DATA TO USE:
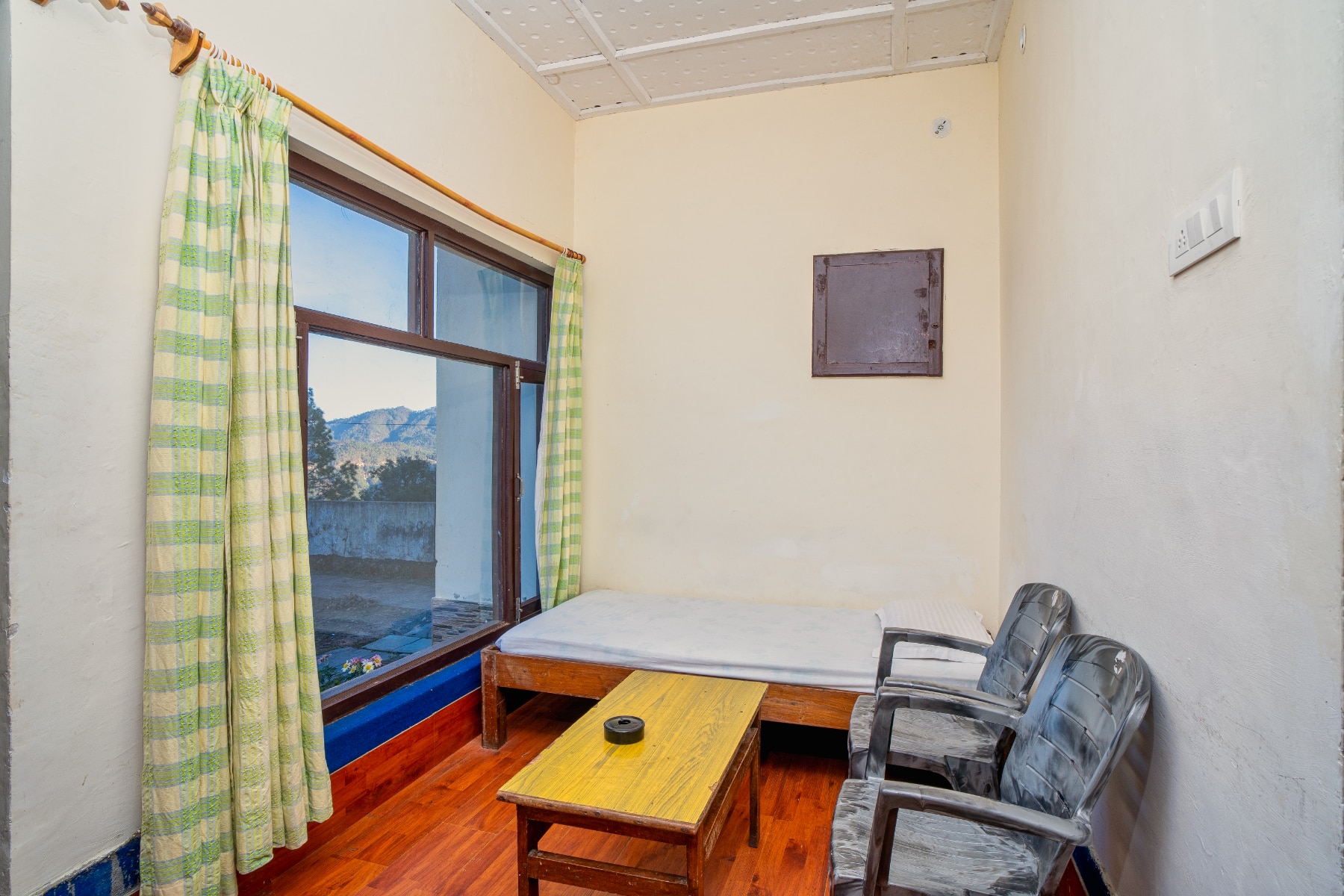 KMVN Kausani - Tap to explore photos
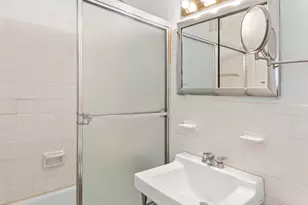 363 E 76th St, New York City, NY 10021 - Photo 8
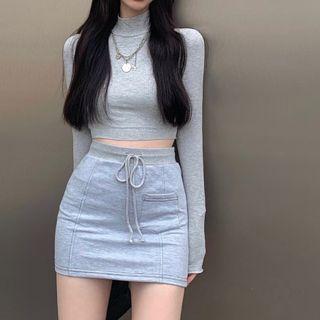 Mock-neck Cropped T-shirt / Mini Pencil Skirt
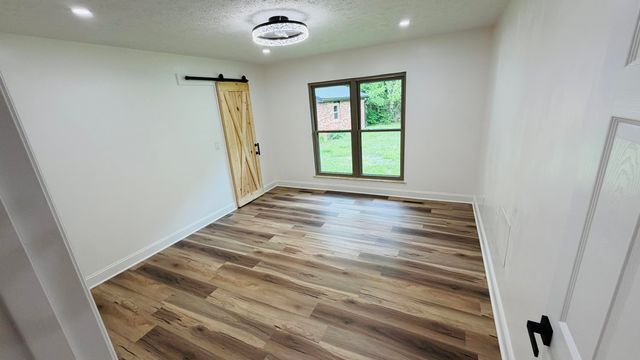 105 Geneva Avenue, Irvine, KY 40336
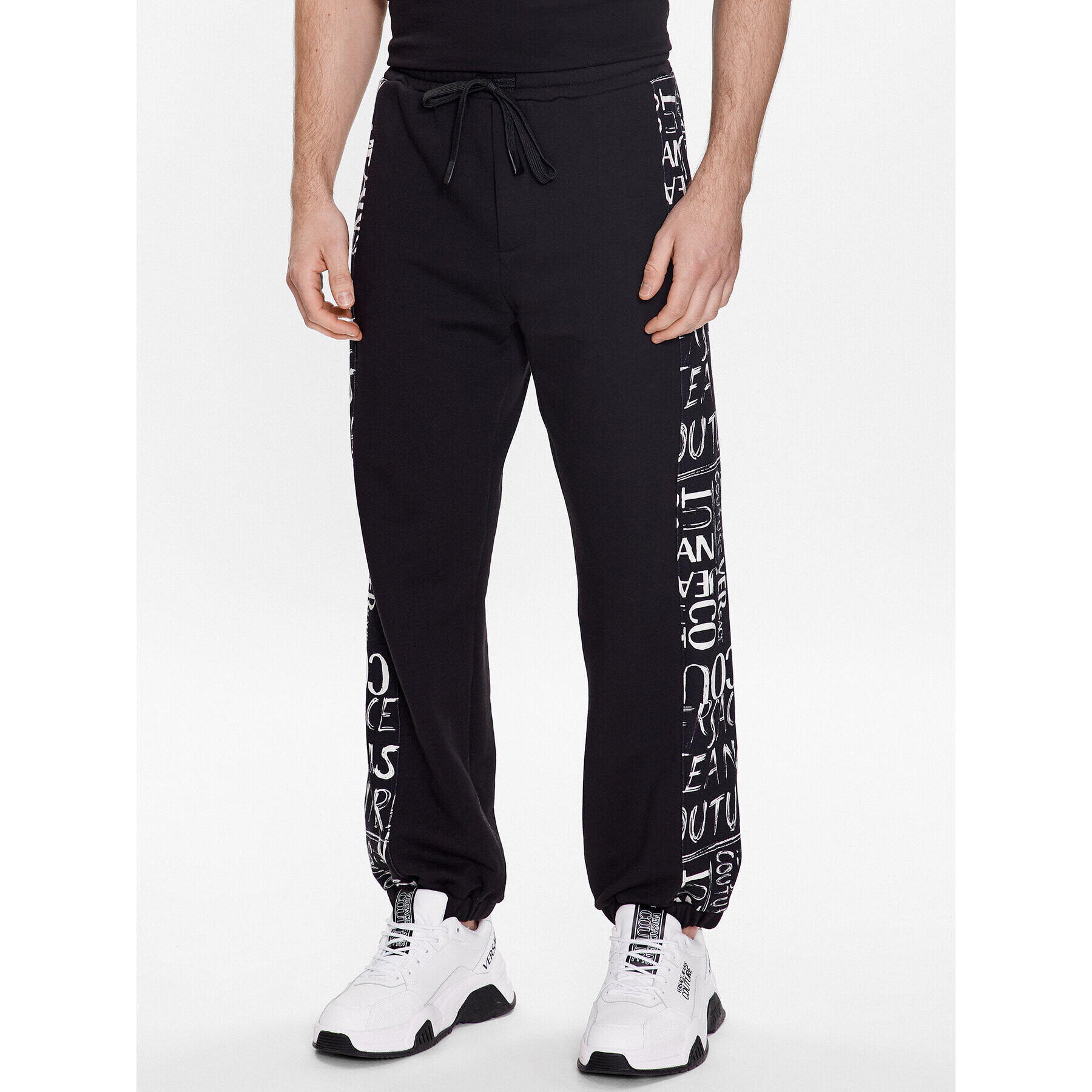 Versace Jeans Couture Melegítő alsó Logo 74GAA316 Fekete Regular Fit - Pepit.hu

WORK INSTRUCTION:
Each line of the data above should be reproduced without alteration, and no picture should appear in the copy.

EXERCISE RESULT:
 KMVN Kausani - Tap to explore photos
 363 E 76th St, New York City, NY 10021 - Photo 8
 Mock-neck Cropped T-shirt / Mini Pencil Skirt
 105 Geneva Avenue, Irvine, KY 40336
 Versace Jeans Couture Melegítő alsó Logo 74GAA316 Fekete Regular Fit - Pepit.hu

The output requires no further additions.